Selbst nicht technologieabhängige Berufe wie Lehrer, Fitnesstrainer und Mediziner setzen jetzt auf noch nie dagewesene Art und Weise Technologien ein. Es ist zu ihrer neuen Normalität geworden. Wie wird sich dies auf die zugrundeliegende IT und Infrastruktur auswirken?

Nr. 1: Erhöhte Cloudifizierung

Unter der Annahme, dass das Pendel niemals vollständig dorthin zurückkehren wird, wo es seinen Ausgang nahm, sowie angesichts der dramatisch steigenden Nachfrage nach Cloud-Diensten scheint es, dass eine verstärkte und beschleunigte Cloudifizierung folgen wird.

Unternehmen möchten widerstandsfähiger gegenüber neuen Schocks sein und die Möglichkeit haben, alternative Arbeitsmodelle bereitzustellen. Sie werden mehr Dienste in die Cloud verschieben, um sicherzustellen, dass Fernzugriff möglich und einfach ist. Und um weniger anfällig für die Auswirkungen zukünftiger Schocks zu sein, werden sie mit Technologieunternehmen zusammenarbeiten wollen, die ihnen den bestmöglichen Schutz bieten. Dabei werden scheinbar unerhebliche Faktoren, wie die Nähe eines Servicetechnikers zur eigenen Einrichtung, an Bedeutung dazugewinnen.

Nr. 2: Beschleunigter Edge-Standortausbau

Angesichts der gestiegenen Nachfrage nach einer Bereitstellung von Cloud-Diensten und der damit verbundenen Kosten- und Geschwindigkeitsüberlegungen ist es wahrscheinlich, dass Hyperscaler und Colocation-Anbieter beginnen, diese Dienste noch schneller an die jetzt noch weiter verteilte Nutzerbasis auszuweiten.
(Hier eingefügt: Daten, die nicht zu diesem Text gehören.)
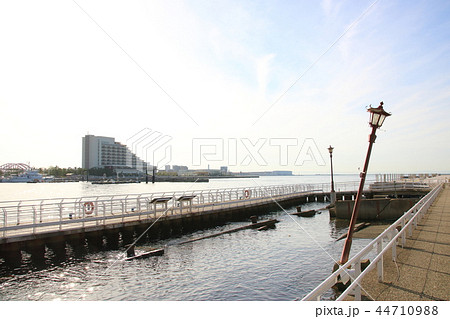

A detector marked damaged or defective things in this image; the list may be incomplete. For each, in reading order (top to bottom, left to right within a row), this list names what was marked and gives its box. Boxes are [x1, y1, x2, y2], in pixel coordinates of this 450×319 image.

rusted metal pole [342, 125, 376, 264]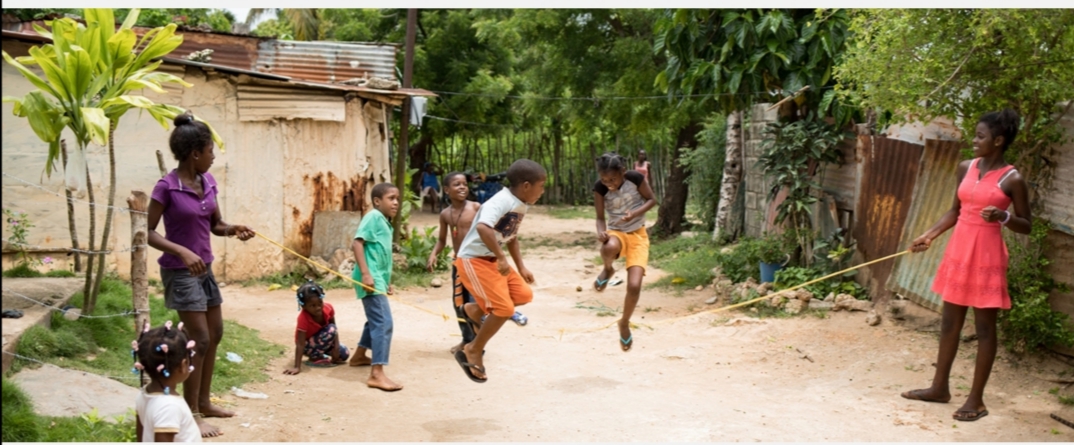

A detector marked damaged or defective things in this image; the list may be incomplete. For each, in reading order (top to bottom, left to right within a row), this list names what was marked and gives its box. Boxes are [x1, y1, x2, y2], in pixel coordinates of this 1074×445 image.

rusty corrugated metal wall [256, 39, 399, 82]
rusty corrugated metal wall [854, 134, 923, 303]
rusty corrugated metal wall [884, 138, 970, 309]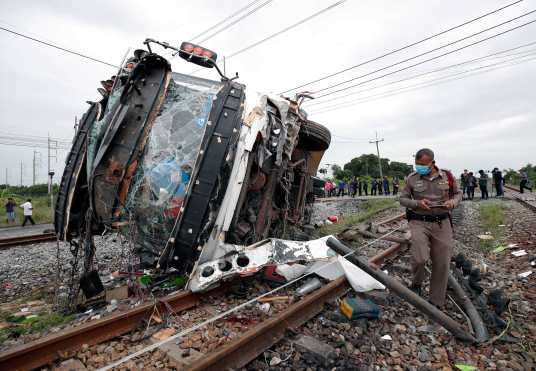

Wenn Unternehmen in schwierigen Zeiten gut geschützt sind, können sie mit einem gewissen Tempo fortfahren. Die Geschwindigkeit der Bereitstellung wird sich beschleunigen und die Nachfrage nach Konzepten wie vorgefertigten Rechenzentren wird wahrscheinlich zunehmen.

Nr. 3: Erweiterung der privaten Telekommunikations-Bandbreite

Mehr Cloud-Dienste, die lokal bereitgestellt werden, verlassen sich auf die letzte Meile, um zum Nutzer zu gelangen. Während sich das grundlegende Verkehrsaufkommen nicht ändert, ändern sich jedoch die Muster. Es wird weniger Geschäftsstandorte mit leistungsfähigen Verbindungen und mehr Wohnbereiche mit weniger Kapazität geben. Es können Engpässe bei Netzwerkknoten, an denen Leitungen zusammenlaufen, erwartet werden. Hinzu kommt die zusätzliche Wärme, die an diesen Standorten erzeugt wird, wenn die IT zu fast 100 Prozent ausgelastet ist. Diese Wärmeableitung wird zu einem heißen Thema, insbesondere wenn die Temperaturen im Sommer steigen und die Wartung riskanter wird.

Menschen sind die anpassungsfähigsten Lebewesen und wir werden uns erfolgreich umstellen. Was sich geändert hat, ist die Geschwindigkeit und die Einflusshebel. Wären wir vor nur 15 Jahren mit dieser raschen Verlagerung der Datenverarbeitung zu Heimarbeitsplätzen konfrontiert gewesen, wären wir viel weniger darauf vorbereitet gewesen, die Geschäftskontinuität zu unterstützen, die für berufliches und privates Umfeld jetzt und in Zukunft unerlässlich ist.